Easier to use than esttab for exporting a regression table; but less flexible. esttab is more customizable.

// use example of etable
. clear all
. webuse nhanes2l
(Second National Health and Nutrition Examination Survey)
. quietly regress bpsystol age weight i.region
. estimates store model1

. quietly regress bpsystol i.sex weight i.agegrp
. estimates store model2

. quietly regress bpsystol age weight i.agegrp
. estimates store model3

. etable, estimates(model1 model2 model3) showstars showstarsnote title("Table 1. Models for systolic blood pressure") export(mydoc.docx, replace)

Options:

  • showstars and showstarsnote shows stars and notes for significance levels.
  • export allows you to specify the output format

11.2.3 Stored Results

Stata commands that report results also store the results where they can be subsequently used by other commands or programs. This is documented in the Stored results section of the particular command in the reference manuals.

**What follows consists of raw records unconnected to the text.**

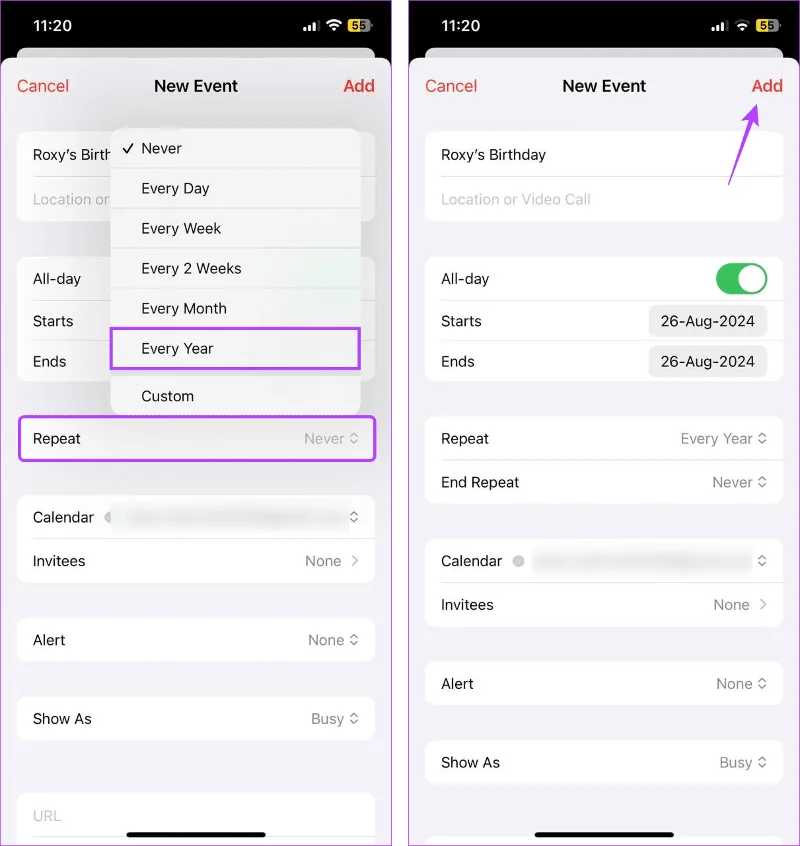 Hoe u verjaardagen kunt toevoegen en bekijken in de iPhone-agenda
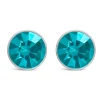 Little Treasure March Birthstone Children's Earrings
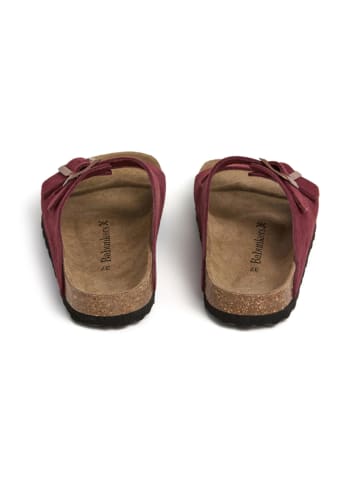 BABUNKERS Family Leren slippers bordeaux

  • r-class commands, such as summarize, store their results in r();

    most commands are r-class.

  • e-class commands, such as regress, store their results in e();

    e-class commands are Stata’s model estimation commands.

// for r-class command
return list
// for e-class command
ereturn list

Most estimation commands leave behind

  • e(b) the coefficient vector, and
  • e(V) the variance–covariance matrix of the estimates (VCE)
// display coef vector
matrix list e(b)
// assign it to a variable
matrix myb = e(b)
matrix list myb

You can refer to e(b) and e(V) in any matrix expression:

matrix c = e(b)*invsym(e(V))*e(b)’
matrix list c

invsym(e(V)) returns the inverse of e(V). Generally, invsym requires a a square, symmetric, and positive-definite matrix.